Le corps humain est extraordinaire. Il compense. Il s’adapte. Il encaisse. Il rattrape pendant un temps.

Alors on se croit solide. On se dit que ça va. Qu’on gère. Qu’on a l’habitude.

Mais compenser n’est pas guérir. Tenir n’est pas aller bien. Fonctionner n’est pas être en santé.

À force d’ajouter sans jamais retirer, on remplit un réservoir déjà plein.

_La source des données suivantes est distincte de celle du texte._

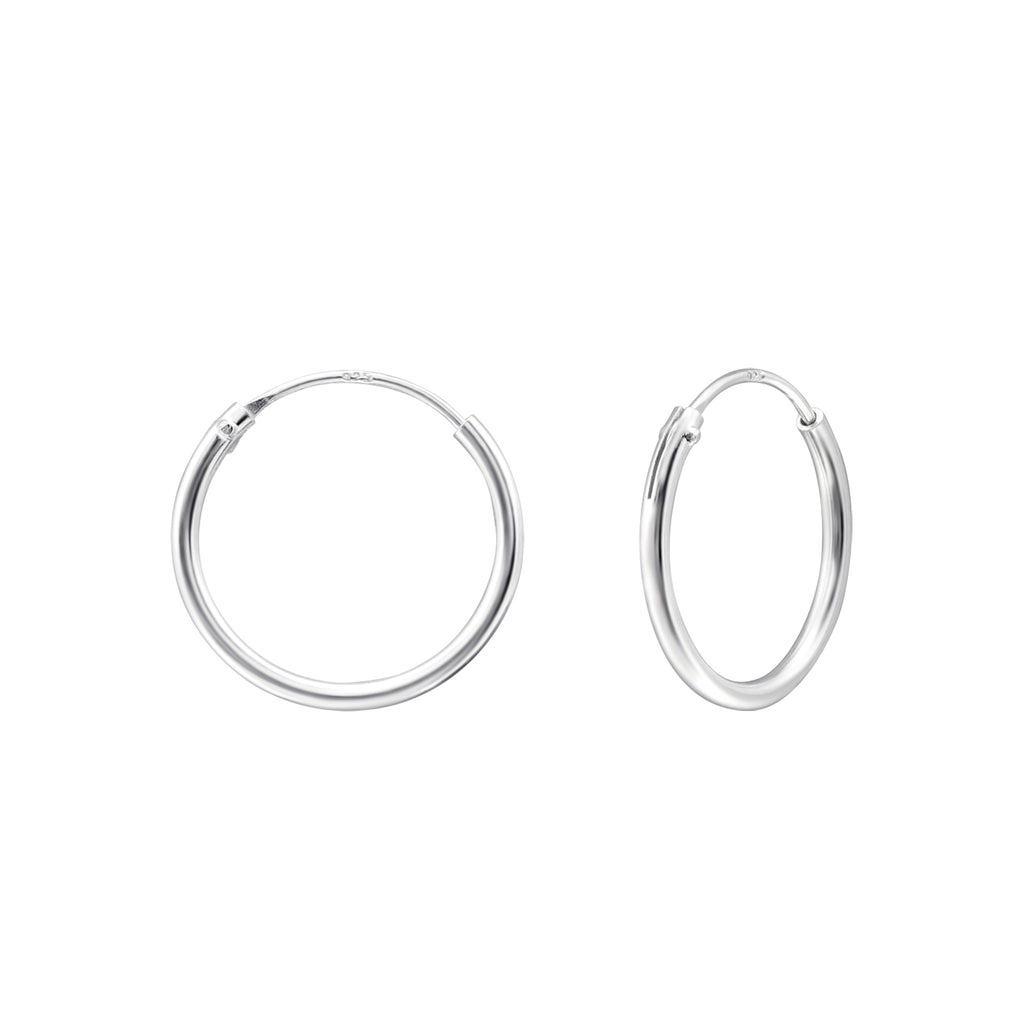 14mm sterling silver ear hoops on a white background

Et un jour, le corps ne compense plus aussi bien.

  • La fatigue devient normale.
  • La digestion devient sensible.
  • Le sommeil devient léger.
  • L’humeur devient instable.
  • L’énergie devient dépendante de stimulants.
  • Les douleurs s’installent.
  • Le mental s’épuise.

Le corps parle. Pas forcément d’un coup. Mais progressivement. Silencieusement. Profondément.

Le vrai danger, c’est le “petit rien” répété mille fois

On sous-estime souvent ce qui semble anodin. Parce qu’un petit écart paraît dérisoire. Parce qu’une seule mauvaise habitude semble inoffensive. Parce qu’on regarde l’instant, pas l’ensemble.

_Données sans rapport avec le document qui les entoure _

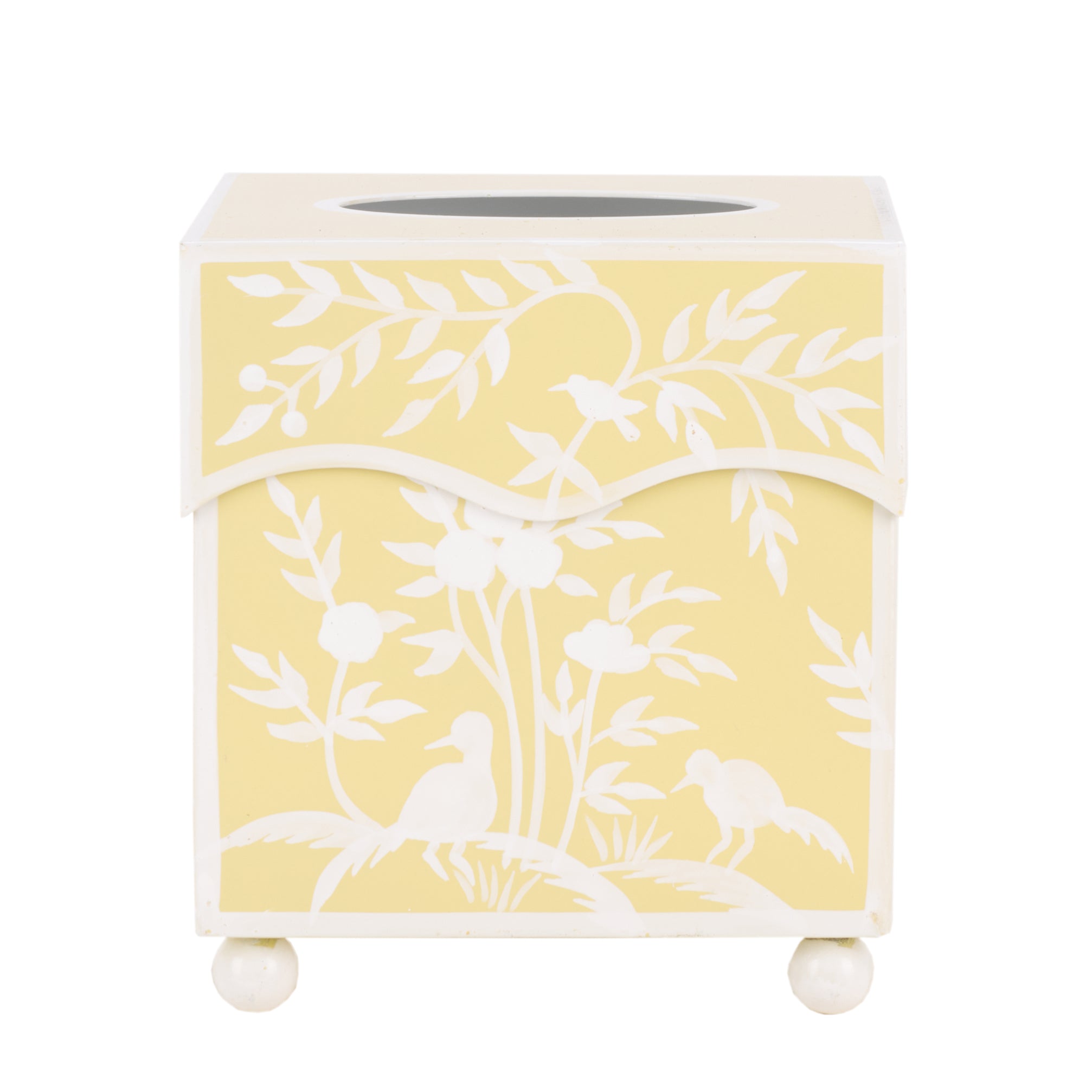 Yellow tissue box cover with white bird and branch pattern on a white background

Mais la santé se construit aussi dans l’addition.

  • Un peu trop de sucre.
  • Un peu trop d’alcool.
  • Un peu trop de sédentarité.
  • Un peu trop de stress.
  • Un peu trop de fatigue.
  • Un peu trop d’aliments ultra-transformés.
  • Un peu trop de sollicitations.
  • Un peu trop peu de récupération.
  • Un peu trop peu d’écoute de soi.

Et peu à peu, ce “petit trop” devient une charge globale. C’est rarement spectaculaire. Mais c’est terriblement efficace pour déséquilibrer l’organisme.

Le corps ne compte pas en excuses. Il compte en charges.

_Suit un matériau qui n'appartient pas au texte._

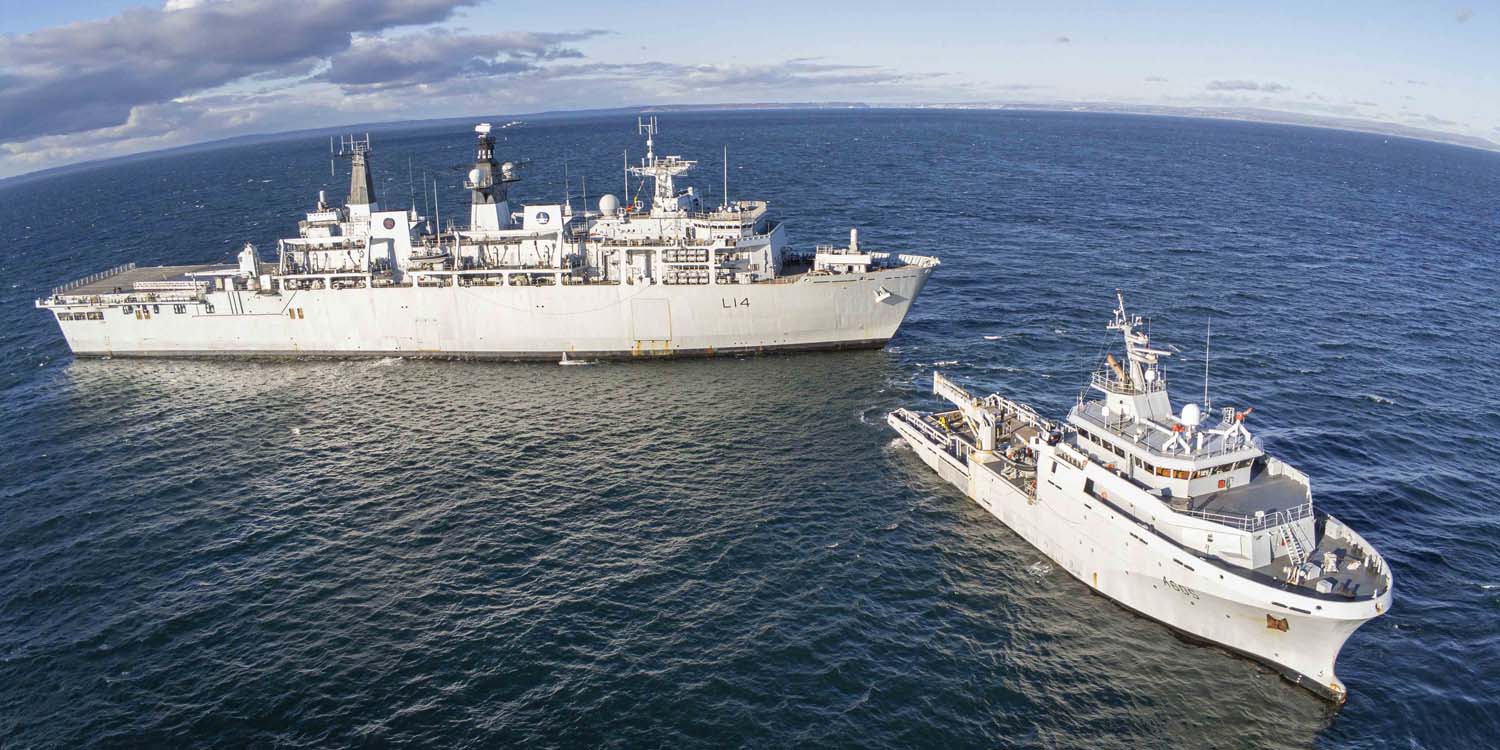 One of Britain’s biggest warships was towed through the Channel to help the French test the power of a new specialist ship.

Le corps ne se dit pas : “Ce n’est qu’un petit verre.” “Ce n’est qu’une cigarette.” “Ce n’est qu’un mauvais repas.” “Ce n’est qu’une nuit courte.”

Le corps, lui, additionne.

Il additionne : la charge inflammatoire, la charge toxique, la charge nerveuse, la charge digestive, la charge émotionnelle, la charge hormonale, la charge de fatigue.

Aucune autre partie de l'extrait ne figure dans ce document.